Market data firms and index compilers are set to go to tender for the right to administer a souped-up version of the tainted London Interbank Offered Rate (Libor).
In a speech entitled 'Pushing the re-set button on Libor', FSA director Martin Wheatley, today set out his plans to overhaul the benchmark which has been rocked by evidence of systemic abuse by traders rigging the rate to boost their bonuses and the standing of their bank.
Wheatley recommends that the British Bankers Association is stripped of its governance role in running the system, with oversight reverting to the FSA and a new independent third party that would be responsible for the administration of data submissions by market participants.
Key to the restoration of credibility will be the creation of a link between transaction data and submissions, says Wheatley, allied to the creation of a new code of conduct for submiting banks.
"This code of conduct should introduce specific guidelines prescribing that submissions be corroborated by trade data," he says. "Submitting firms will be subject to new tough systems and controls that will be put in place.
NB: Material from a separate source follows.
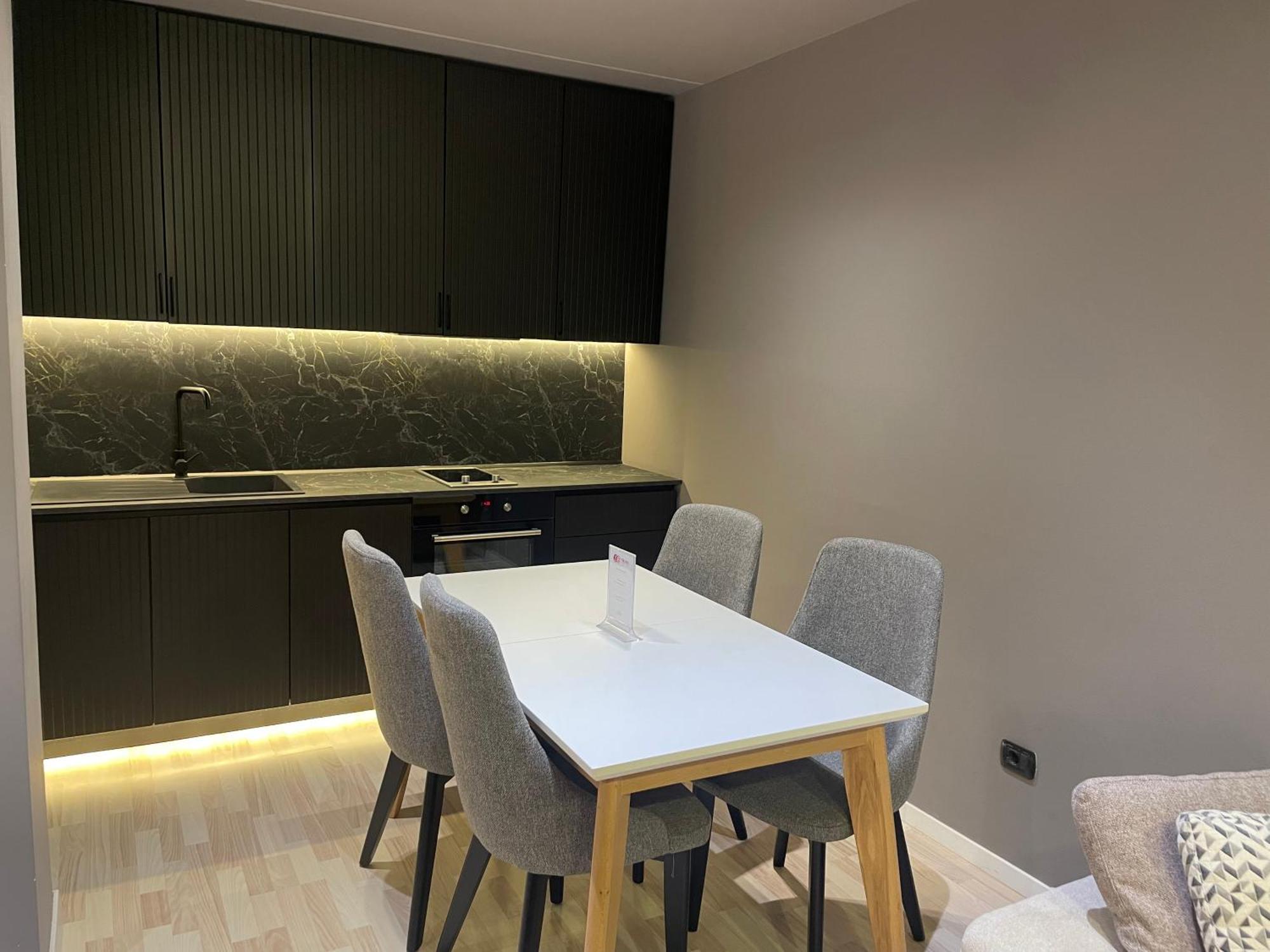 Tirana Lux Apartments Luaran gambar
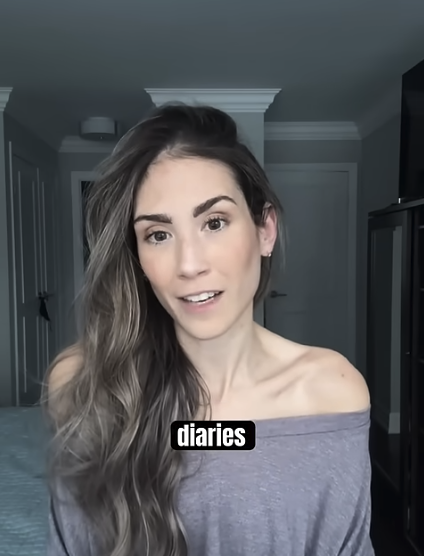 Jess announcing a video diary for her cancer diagnosis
Transactions will need to be recorded and there needs to be a requirement for regular external audit of submitting firms."
The new administrator will be chosen by a competitive tender run by an independent committee convened by the regulatory authorities. The tender process is likely to attract bidders from across the market data and index compilation industry, including Thomson Reuters (which calculates the current rate on behalf of the BBA), Bloomberg, Markit and FTSE.
"The new administrator should fulfil specific obligations such as surveillance and scrutiny of submissions as part of its governance and oversight of the rate," says Wheatley. "It is essential that the conduct of the new administrator should be rigorous and transparent, in order that they cleanse the brand of Libor, and generate trust in the process moving forward."